EXERCISE DESCRIPTION »
Reproduce word for word, from the entries below, the line with "译林四年级下册第五单元手抄报a4纸图片英语泽林版", the line with "第39话苏蓁蓁，心乱了 第46页", and every line between them, and nothing more.
:: DATA TO PROCESS ::
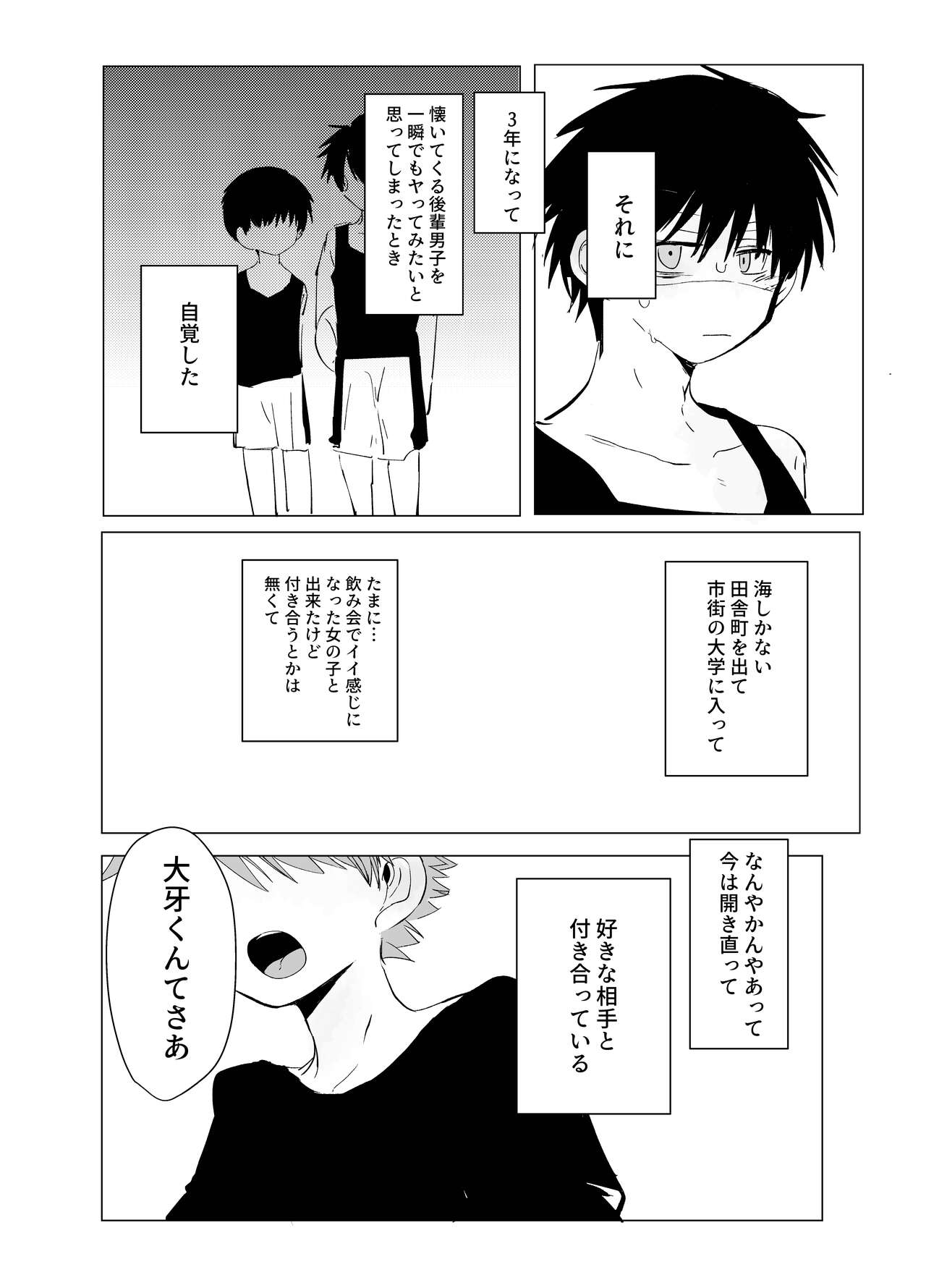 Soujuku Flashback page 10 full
:::
:: DATA TO PROCESS ::
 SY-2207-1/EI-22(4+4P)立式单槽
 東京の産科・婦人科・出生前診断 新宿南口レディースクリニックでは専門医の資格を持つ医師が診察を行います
:::
:: DATA TO PROCESS ::
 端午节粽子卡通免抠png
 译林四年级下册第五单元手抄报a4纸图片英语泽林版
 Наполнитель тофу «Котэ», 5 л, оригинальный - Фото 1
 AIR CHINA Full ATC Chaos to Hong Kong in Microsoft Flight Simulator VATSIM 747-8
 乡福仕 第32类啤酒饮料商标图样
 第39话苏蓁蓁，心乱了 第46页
:::
RESULT OF THE EXERCISE »
 译林四年级下册第五单元手抄报a4纸图片英语泽林版
 Наполнитель тофу «Котэ», 5 л, оригинальный - Фото 1
 AIR CHINA Full ATC Chaos to Hong Kong in Microsoft Flight Simulator VATSIM 747-8
 乡福仕 第32类啤酒饮料商标图样
 第39话苏蓁蓁，心乱了 第46页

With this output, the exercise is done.